Reading the article it doesn’t take long to realize that this opinion piece is nothing more than a thinly-veiled screed against immigration-rights reform and activism to that end, and a particularly insidious form of it no less. Let’s take the first sentence that jumps out, from the first paragraph:
…illegal immigrants are in no position to demand anything, except maybe a window seat on the deportation bus..
So here, the essence of the argument is basically that the best strategy for marginalized populations is to stay silent, and just really really hope that things will change for the better for them. And then if they hope hard enough (and, of course, quietly and out of the way of the white/privileged majority), things really will change! Because that’s how things have always changed in this country, right? Minorities and marginalized populations have quietly and politely crept up to the master’s table and asked, piece by piece, for some shadow of equality that ‘they’ should ‘just be happy with’ already.
Fucking wrong. The essence of the article was pretty simple at its core - though veiled in journalistic eloquence: how dare you take to the streets and make yourselves visible, demanding rights and justice?
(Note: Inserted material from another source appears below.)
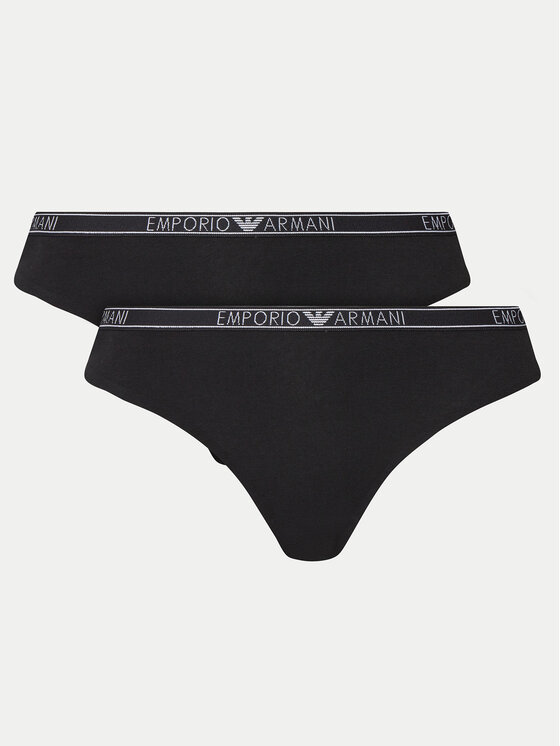 Emporio Armani Underwear Комплект бразилски бикини 164752 4F223 00020 Черен цвят на ниска цена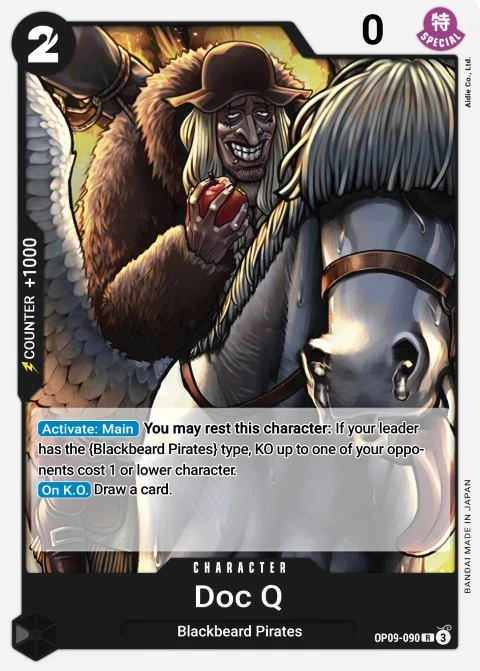 Doc Q (OP09-090) One Piece card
Navarrette’s resentment towards the people taking to the streets was clear from the beginning of the article - no matter how hard he tried to hide it; the entire piece parroted the dangerous and ugly sentiments of the people on the wrong side of the civil rights movement, and then the women’s rights movement and gay rights movements, that ‘these people’ should ‘learn their place,’ and worst, he perpetuates the circular logic of marginalization: that silenced populations have no voice because there’s some virtue in their silence.
Real and lasting change comes from running through the process — illegal immigrants becoming legal residents, and legal residents becoming U.S. citizens who can vote and run for office.
Well, in a perfect world this might be right - except that here the process is broken, racist, and slanted against people who have for whatever reason come to this country without documentation. It’s basically impossible, without some type of immigration reform, to take Mr. Navarrette’s advice - so here’s our argument: Don’t engage in activism for immigration reform, just go and get citizenship, which, because of our racist system, is impossible and will be impossible without serious immigration reform. Brilliant.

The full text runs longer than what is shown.